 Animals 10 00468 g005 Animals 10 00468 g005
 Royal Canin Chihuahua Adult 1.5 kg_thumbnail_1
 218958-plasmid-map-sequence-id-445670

######

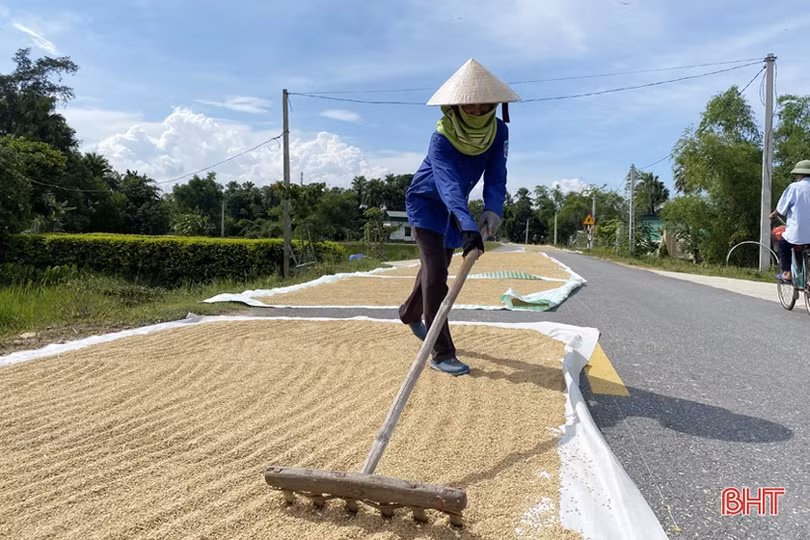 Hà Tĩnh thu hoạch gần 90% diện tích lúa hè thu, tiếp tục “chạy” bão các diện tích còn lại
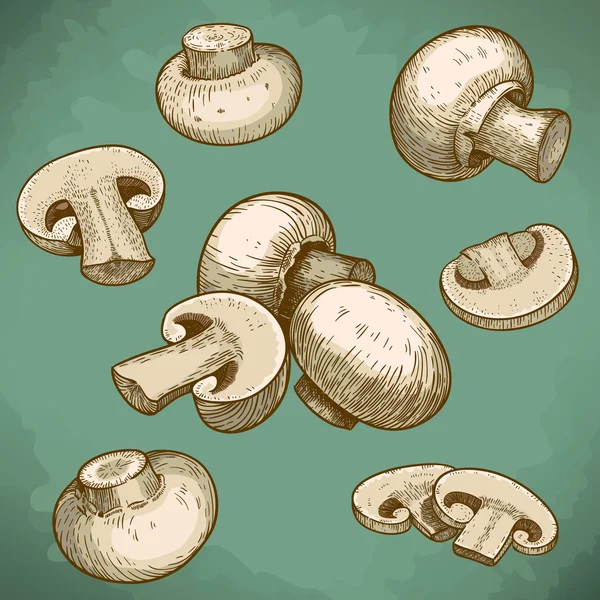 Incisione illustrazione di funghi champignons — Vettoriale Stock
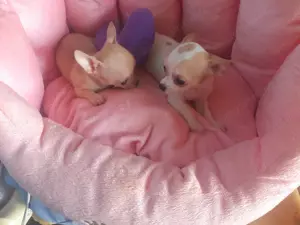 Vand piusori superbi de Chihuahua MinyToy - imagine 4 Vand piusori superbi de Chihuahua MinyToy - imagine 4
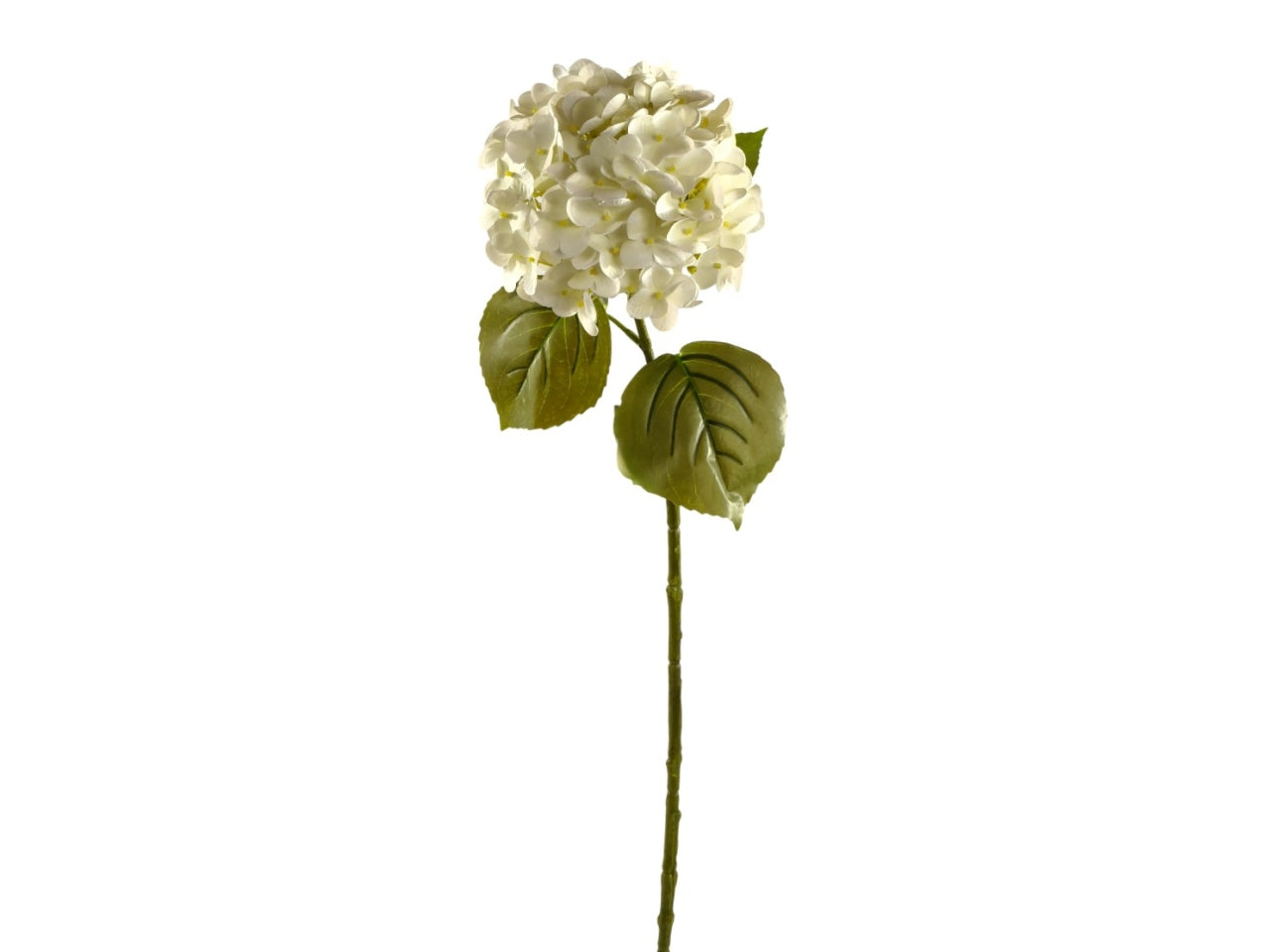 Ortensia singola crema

######

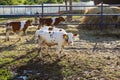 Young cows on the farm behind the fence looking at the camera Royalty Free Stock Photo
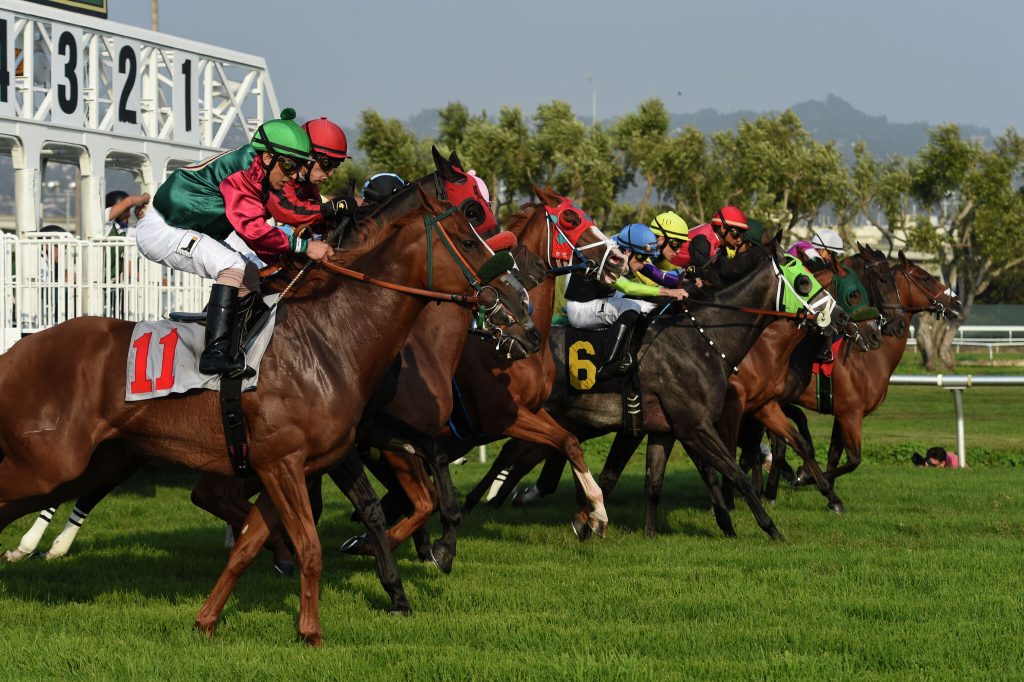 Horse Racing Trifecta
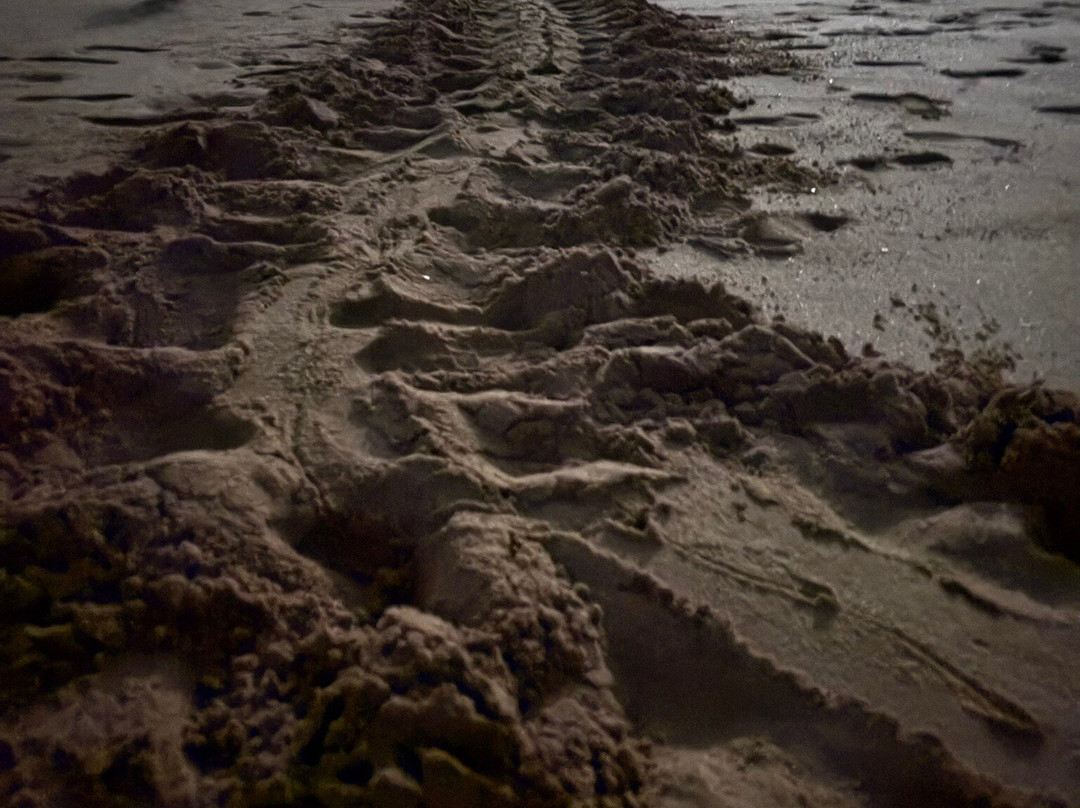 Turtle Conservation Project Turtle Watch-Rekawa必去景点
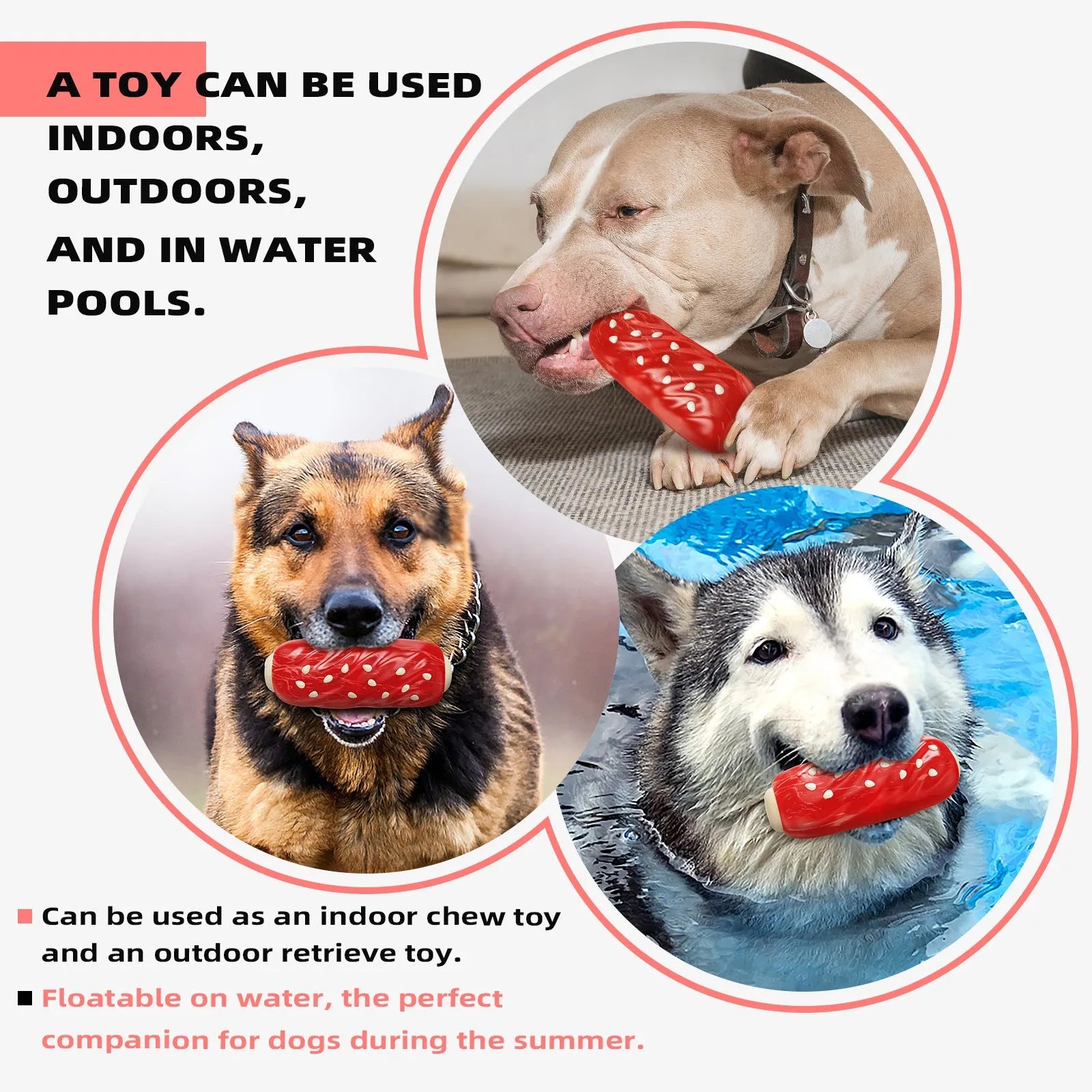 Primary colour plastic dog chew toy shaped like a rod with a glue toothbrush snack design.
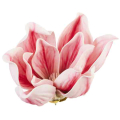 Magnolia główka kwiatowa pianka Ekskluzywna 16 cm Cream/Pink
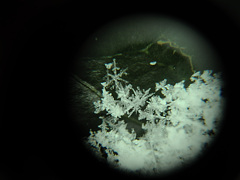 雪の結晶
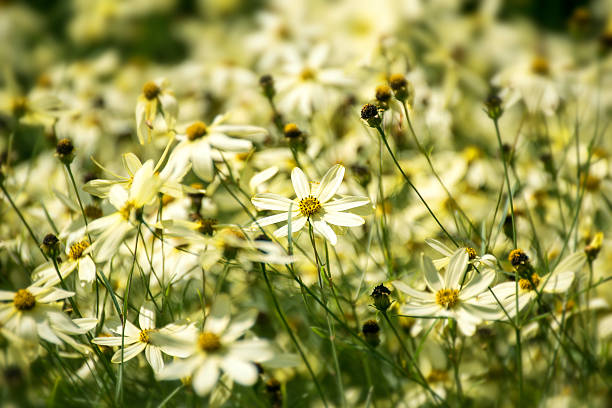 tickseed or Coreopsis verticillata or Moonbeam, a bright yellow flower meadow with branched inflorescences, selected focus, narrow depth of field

######

» Your objective
In the data above, find the line containing "Turtle Conservation Project" and the line containing "tickseed or Coreopsis". Copy exactly the stretch from the first through the second, both included, leaving out any picture.

» Result of this exercise
 Turtle Conservation Project Turtle Watch-Rekawa必去景点
 Primary colour plastic dog chew toy shaped like a rod with a glue toothbrush snack design.
 Magnolia główka kwiatowa pianka Ekskluzywna 16 cm Cream/Pink
 雪の結晶
 tickseed or Coreopsis verticillata or Moonbeam, a bright yellow flower meadow with branched inflorescences, selected focus, narrow depth of field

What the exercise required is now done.